Boris Lejeune, connu des lecteurs de notre revue, est à la fois poète, peintre et sculpteur. Son oeuvre est indissociable d’une vision profondément chrétienne de la réalité et d’une grande sensibilité à la perte de la capacité de contemplation sous les ravages du nihilisme ambiant. Il a accepté avec générosité de se lancer dans la réalisation d’une statue de bronze en l’honneur de sainte Jeanne d’Arc, appelée à être installée sur la colline de Bermont, à trois kilomètres de Domrémy-la-Pucelle. Rappelons qu’en dépit de son patronyme d’origine française, Boris Lejeune, né à Kiev, n’est sorti d’URSS qu’en 1980, précision utile pour saisir certains passages de l’entretien qu’il a bien voulu nous confier.

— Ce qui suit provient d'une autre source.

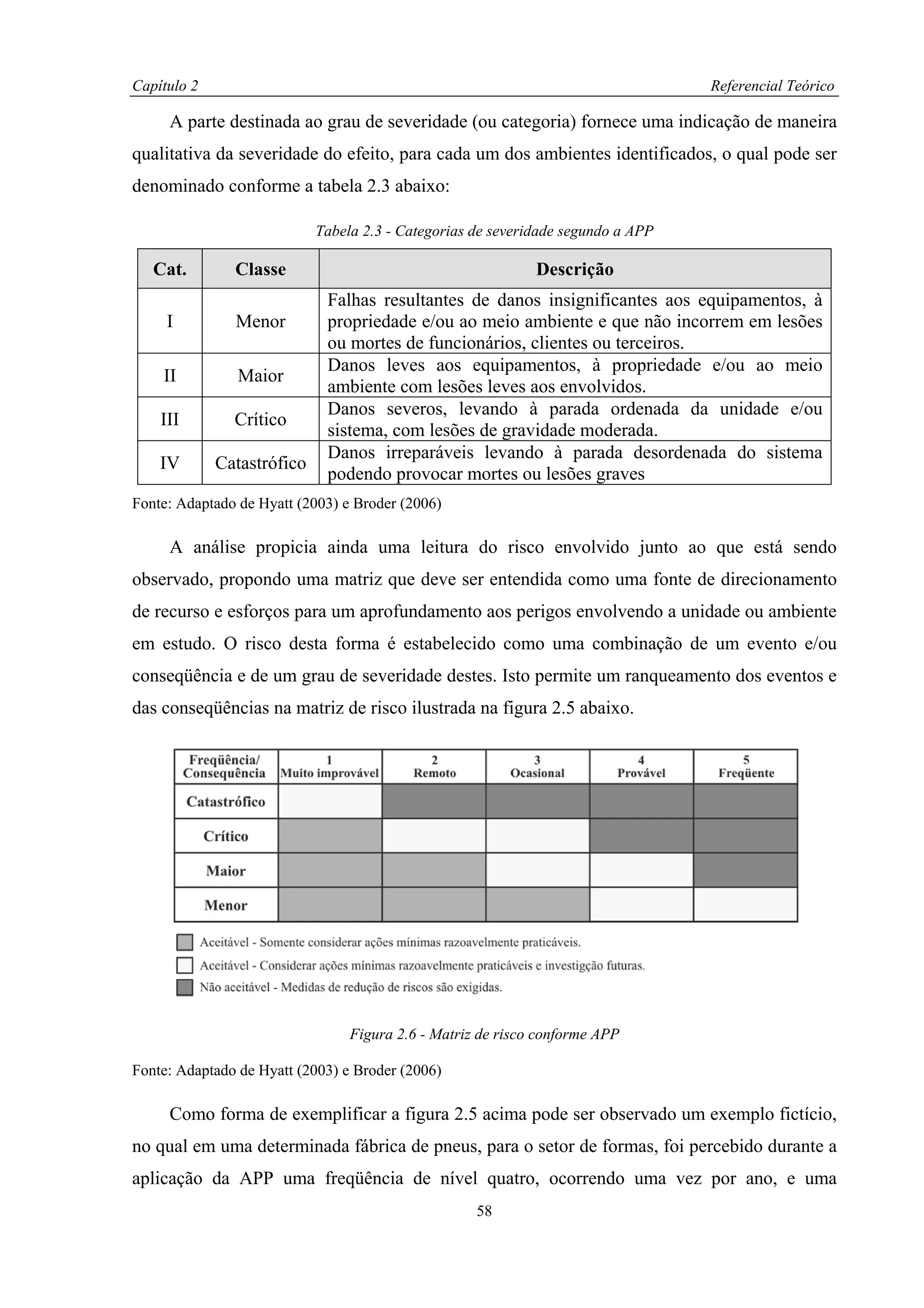 Capítulo 2                                                                        Referencial Teórico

Catholica – Jeanne d’Arc n’intéresse plus la République, plus tellement l’Eglise, et apparemment pas beaucoup d’artistes. Seuls les historiens paraissent faire exception… et vous même, Boris Lejeune, qui avez accepté de vous consacrer – le mot n’est pas exagéré – à la réalisation d’une nouvelle statue destinée à marquer l’année du six-centième anniversaire de la naissance de la Pucelle. Comment expliquez-vous ce vide ?

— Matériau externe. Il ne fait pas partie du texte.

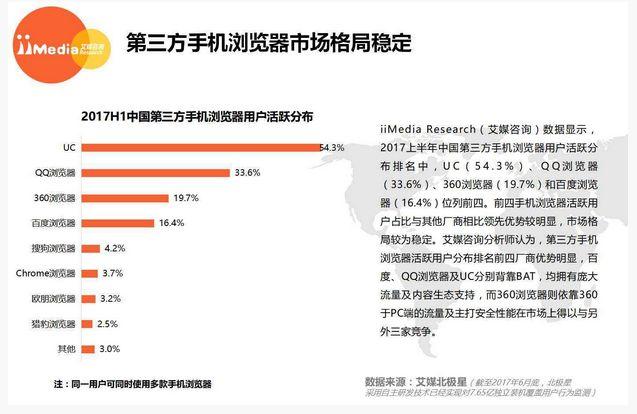 阿里当初50亿美元收购UC，现在看来是不是亏大了？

Boris Lejeune – Pour répondre, je commencerai par le détour de la poésie. Le genre épique est abandonné, le peu qui reste de la poésie est individualiste, ressasse encore quelques sentiments intimes, mais le plus souvent se perd dans des jeux de sonorités dépourvus de sens. Il s’agit de fabrications narcissiques qui tournent à l’intérieur de petits cénacles. La poésie contemporaine a perdu la voix : elle est muette, elle accumule des mots sans signification, ou bien elle sombre dans l’hermétisme et le maniérisme cérébral.
La vraie poésie, dans l’antiquité comme dans les temps chrétiens, véhicule un message. Et elle était même le vecteur principal de la conscience collective. L’histoire est écrite en poèmes. Cela a duré jusqu’au XIXe siècle, puis s’est progressivement étiolé et aujourd’hui tout chant épique s’est tu.
J’avais un ami poète et critique littéraire, malheureusement mort à quarante ans, Jean-Marie Le Sidaner, qui avait écrit un article important sur cette disparition sociale de la poésie, « Face à l’orante ». Il comparait l’effacement avec le temps d’une fresque représentant une orante à la lente disparition de la poésie dans la Cité. L’orante disparaît, mais les habitants ne savent plus ce qu’elle signifie, signe grave de l’état de délabrement général de la culture. Au fond, cette disparition n’est autre que celle du sujet.
Alors, s’il n’y a plus de poésie épique, il n’y a plus d’histoire, non pas au sens technique, car les historiens continuent leur travail, mais au sens de la conscience entretenue de l’identité collective, c’est-à-dire d’une tradition reçue et continuée.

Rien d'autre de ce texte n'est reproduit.